I actually do not really like the term worldview all that much. I see it as a convenient catch-all term for pigeon-holing “group think.” For this is basically what a worldview is. It is a way of admitting that we all have a way in which we view life that consists of the sum total of our experiences as individuals and as members in various networks of communities. Each of us probably has an individual worldview that might consist of “categorical imperatives,” to use Kant’s phrase, which are either adopted wholesale and uncritically by what we have experienced, or which are hard-earned and fought out through serious criticism of our experiences as individuals within communal histories. In this light, to earn this kind of worldview is to earn a way of coming to terms with who we are as individuals and as members. We are always both. It is possible to speak, perhaps, of my worldview, and it may be possible to speak of the specific worldview of a local community in place. But as a rhetorical and political term, and an apologetic one, it pigeon-holes groups who fall outside of what “we” think and who are in opposition to us.
I do not believe that there is such a thing as “the Christian worldview,” but I do think there is the Christian Apologist’s Worldview that, despite making a lot of noise, in no way speaks for the rest of those of us who do not consider ourselves members of that ideological community. In another post, after we’re done with exams and papers and so forth, I’ll follow this up with the importance of local education in developing an authentic worldview that leads to ethical action and that I believe might justifiably be called A Christian and A Biblical worldview that may even be consistent with a worldview of the founding fathers.
16 comments 5 May 2007
For those readers who have been looking forward to the second part of my original “Failing Religion” post back in … what, March, was it?… I apologize for the delay. But I’m ready now.
It is a little tough to find a good entree to the topic here, so perhaps a story is the way to go. Beloved Wife spent her morning listening to the teens in our church announce their intent to seek confirmation as members in our church, for which each prospective confirmand would read their own personal statement of faith and the church Board would vote to confirm the statement and the “stater” as a member of the community.
Sounded good, if a little routine and rather “going through the motions”-ish. While this was happening in the hall, I was leading a small gathering of folks in our continued study of the Epistle of Jude. Eventually we caught up with each other after church, and Beloved Wife, member of our voting Board of Elders, was clearly distraught, having been absolutely shocked and appalled by what she was hearing from our teen-aged Seekers and which was being approved as Christian statements of faith and worthy of membership into our Christian community of faith. I’m actually being told that “appalled” is not even the right word, even though it’s true; she feels more “betrayed.” Suffice it to say that if she did not know where she was, she would not have been able to discern the difference between our Christian church, our community of faith in Jesus of Nazareth, and any typical Unitarian-Universalist congregation, based on what was acceptable as “Christian” statements of faith.
And so where our religious education has failed Americans in general in their responsibilities as members of both local and global socio-political-cultural communities, it is failing our young people today even in our own communities of faith.
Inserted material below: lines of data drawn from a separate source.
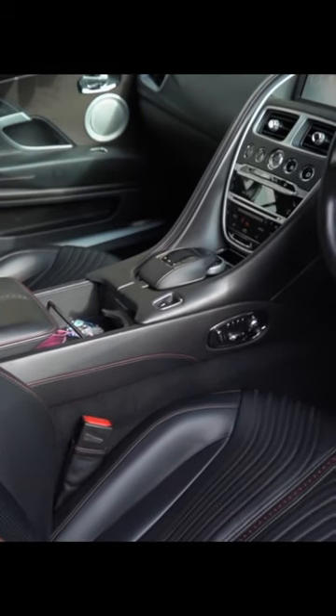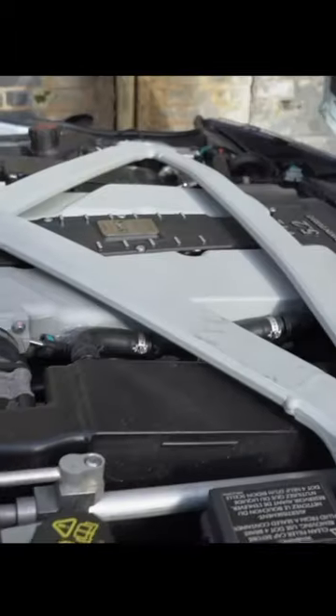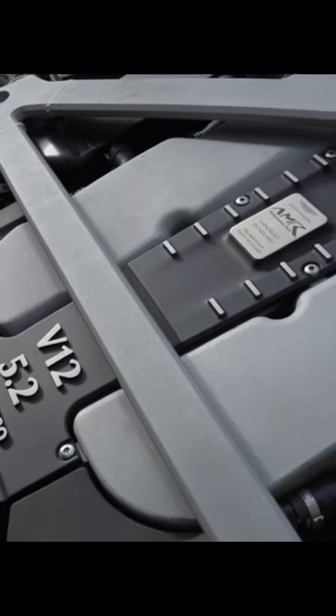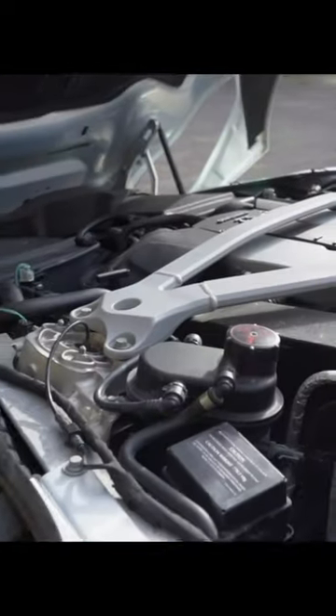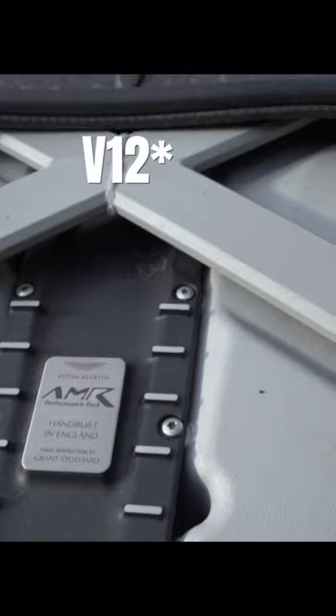Ladies and gentlemen, boys and girls, let me officially introduce you to the new build on Salvage Nation. It sounds so mental for me to say this — it is an Aston Martin DB11 5.2 V12 Twin Turbo.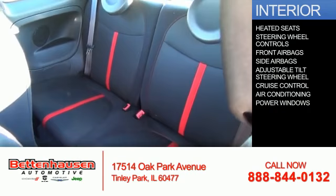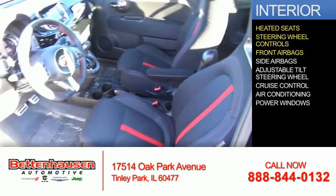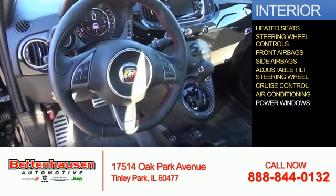Inside you'll find heated seats, steering wheel controls, front airbags, side airbags, an adjustable tilt steering wheel, cruise control, air conditioning, and power windows.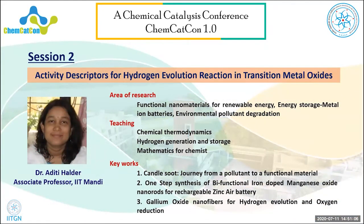Professor Aditi completed a PhD from IIC Bangalore. Her areas of research are functional nanomaterials for renewable energy, energy storage, metal ion batteries, and environmental pollutant degradation. Key works include the candle soot journey from pollutant to functional material, one-step synthesis of bifunctional iron-doped manganese oxide nanorods for zinc-air battery, and a gallium-based compound for hydrogen evolution and oxygen reduction reaction.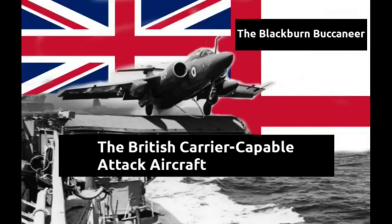Hello and welcome to MBK and Models. Please don't forget to like, share, subscribe and follow for more great aircraft documentaries and model build videos.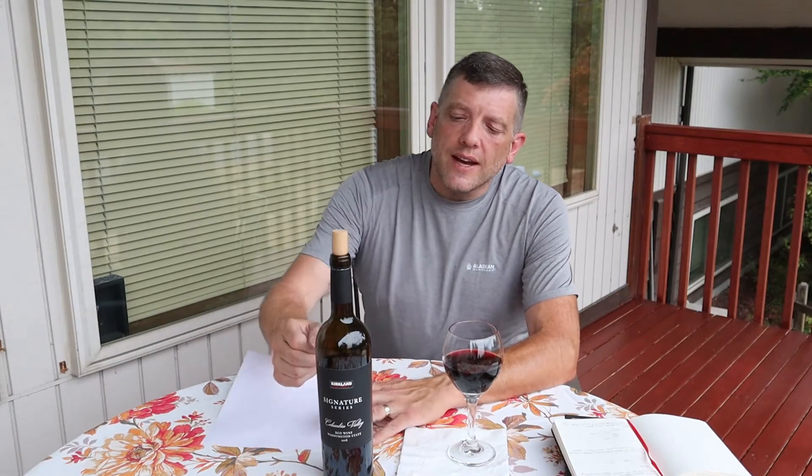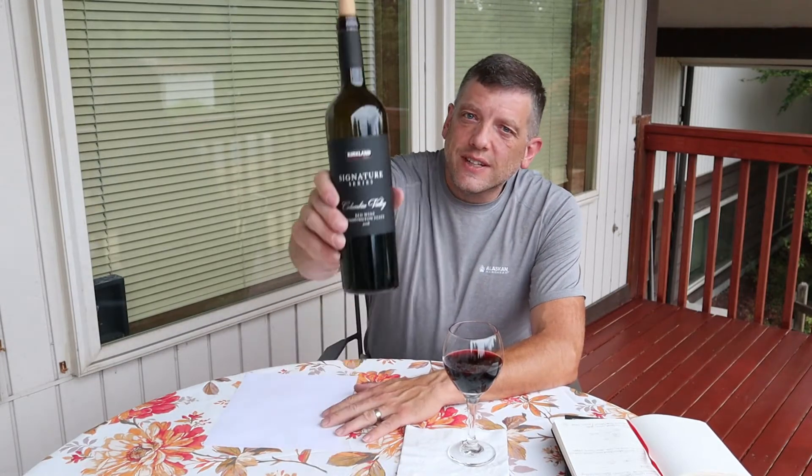Hey, it's been a while — almost three weeks since my last review. We're going to get back into it with a Costco wine. This is a 2018 Kirkland Signature Series red blend wine from the Columbia Valley. Let's see if it's worth the bucks, stay tuned.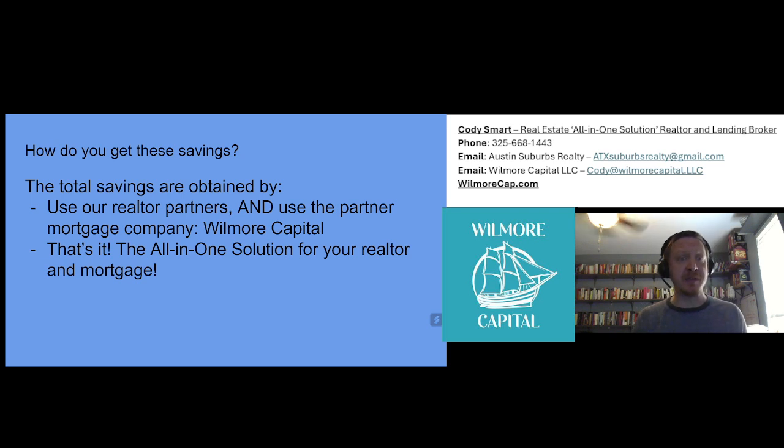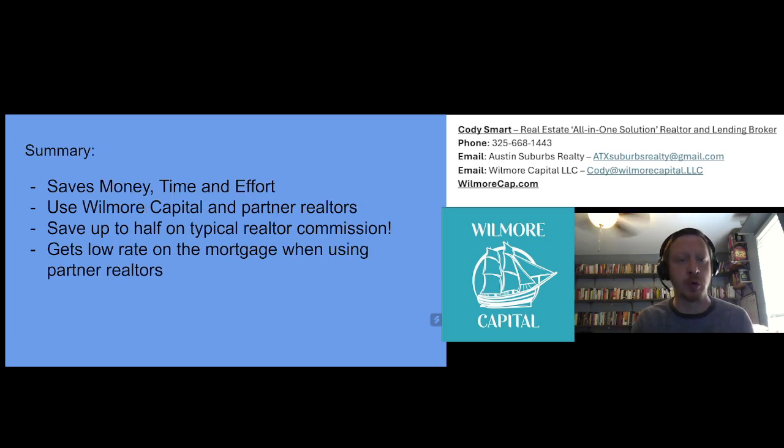How do you get these savings? Simply use our realtor partners and use the partner mortgage company, Wilmore Capital. That's it — the all-in-one solution for your realtor and your mortgage.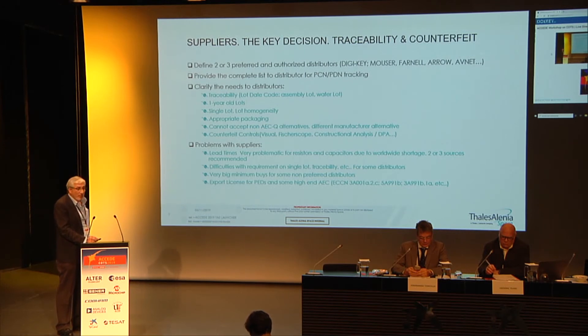First, we need to clarify with distributors — which is not easy — our needs: traceability, lot code, assembly lot, and wafer lot. Even for automotive devices, some distributors are not able to provide this information and we have to go directly to the manufacturer to clarify what information we have, based on the marking on the reel and on the components. We try to get traceable lots, date code lots, no more than one year old. This is not always possible.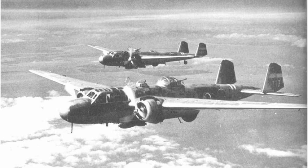Generally, Western men's names were given to fighter aircraft, women's names to bombers, transports, and reconnaissance aircraft, bird names to gliders, and tree names to trainer aircraft.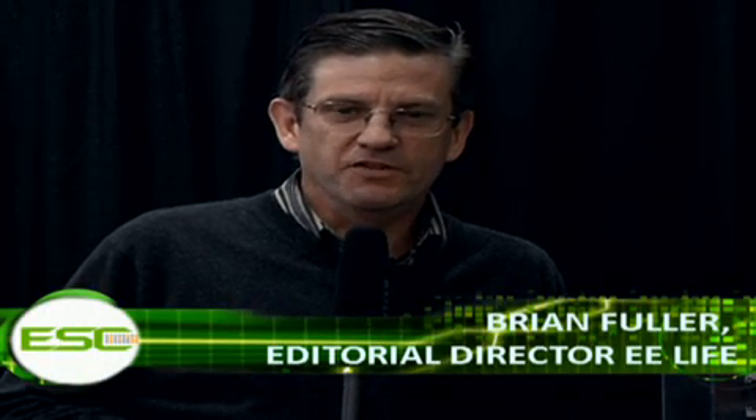We are back, standing on the show floor of the 2011 Embedded Systems Conference in Silicon Valley. I'm Brian Fuller, Editorial Director of EE Life, and with me now is Stuart McLaren from ST Microelectronics, which for the past nine months or so has been running a design contest involving the STM32 32-bit microcontroller.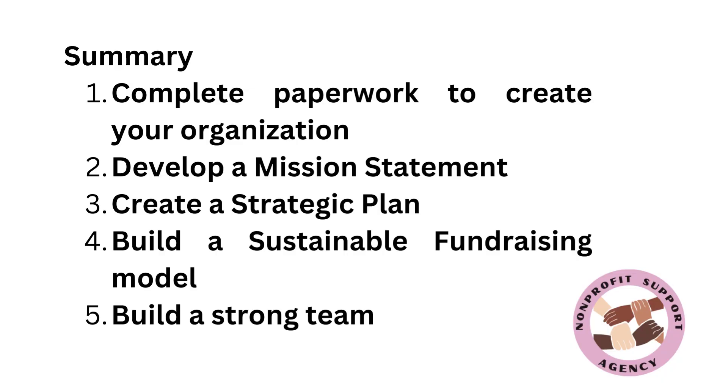In summary, in order to create a successful organization: first, complete all the necessary paperwork; next, develop a mission statement and define your purpose; create a strategic plan and set goals; build a sustainable fundraising model; and build a strong team and leverage partnerships.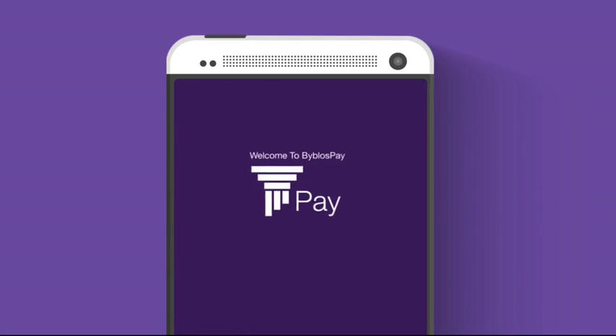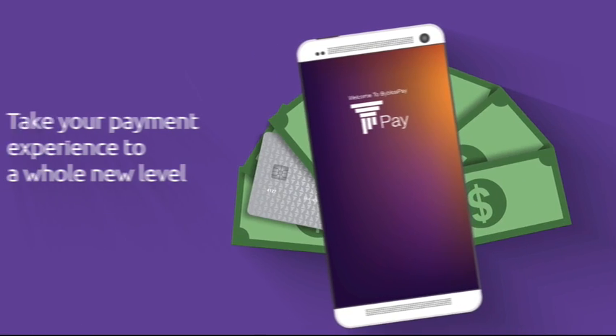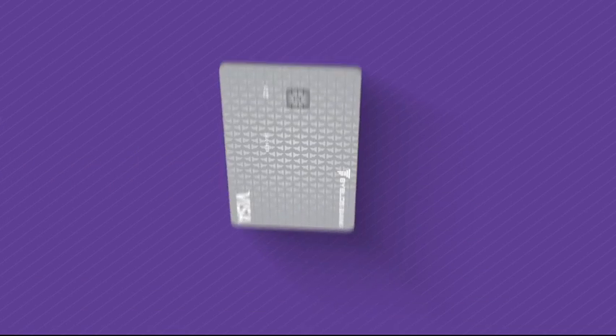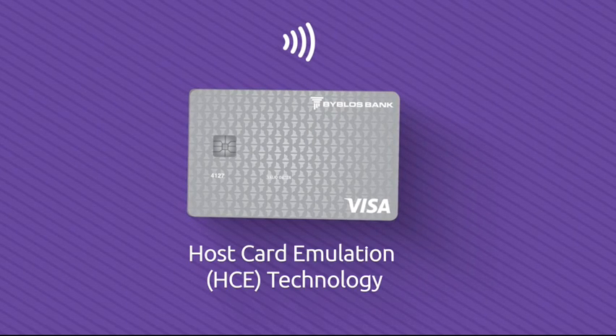Beblos Pay, the new mobile payment app from Beblos Bank, will take your payment experience to a whole new level. With just a few taps, you can pay using your smartphone, thanks to the host card emulation HCE technology.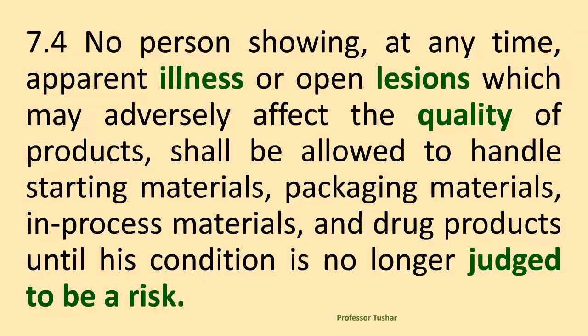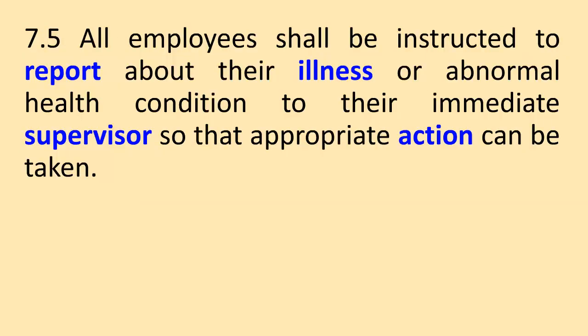No person showing, at any time, apparent illness or open lesions which may adversely affect the quality of products, shall be allowed to handle starting materials, packaging materials, in-process materials, and drug products until his condition is no longer judged to be a risk. All employees shall be instructed to report about their illness or abnormal health condition to their immediate supervisor so that appropriate action can be taken.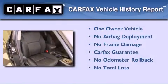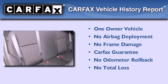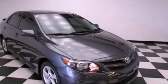This sedan also has had only one owner and it qualifies for the Carfax buyback guarantee. Please call today to reserve this vehicle for a test drive.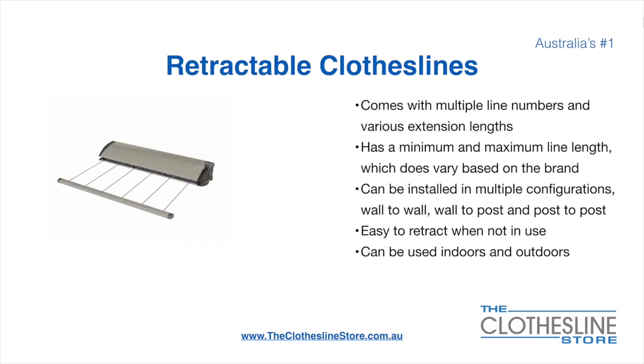Retractable clotheslines come in a multitude of line numbers and various extension lengths. They have a minimum and a maximum line length which does vary based on the brand. There's a lot more information on this at the Clothesline Store. They can be installed in a multitude of configurations which include wall-to-wall, wall-to-post and post-to-post. They are very easy to retract when not in use and can be used indoors and outdoors.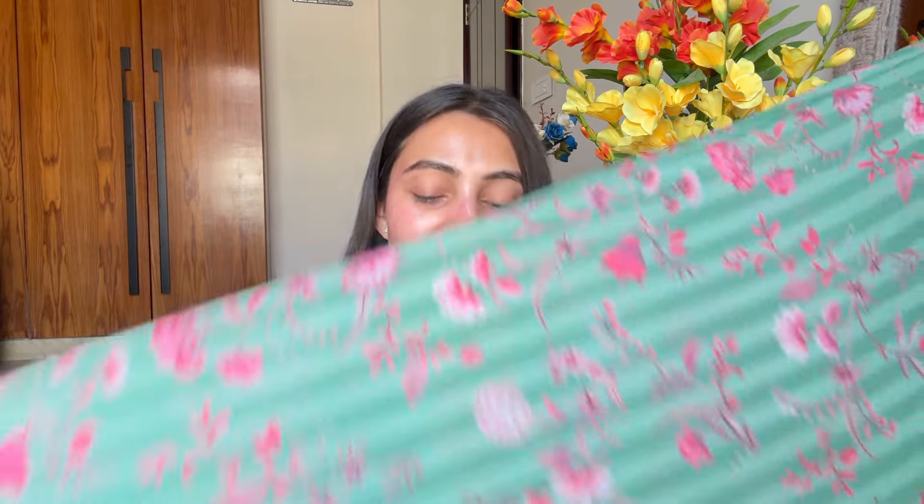Now the bottom of this kurta set has an elastic band and a nada tie-up, so if it's loose you can tighten it. The palazzos are very wide and inside there is an under-fabric lining. This is crepe fabric so you will not see through, and you get the same color lining. Overall this is how the complete kurta set looks.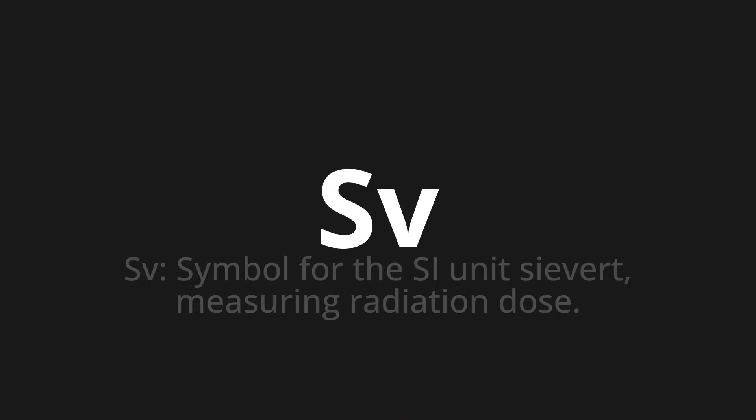Welcome to this pronunciation video. Today we will be focusing on a new word that you might find challenging or intriguing. So let's dive into today's word: Sv, which means Sv — symbol for the SI unit sievert, measuring radiation dose.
I can only speak, of course, from my own experience, but I can safely say that my Muslim and Jewish friends in this country admit of the same problem in their own faith communities. In a word, the problem is that our churches today have simply not learned an appropriate, Christian response to the very fact that we live in a pluralistic world and have largely been unable to steer a course between a theological wishy-washiness that doesn’t even resemble anything remotely Christian or hyper-biblicistic stance that is unable to see the good in that which is not “us.” In other words, the failure of Christian faith communities in both the mainline and evangelical worlds is resulting in the inability of these communities to define who they are in a way that is “Christian” in any meaningful way.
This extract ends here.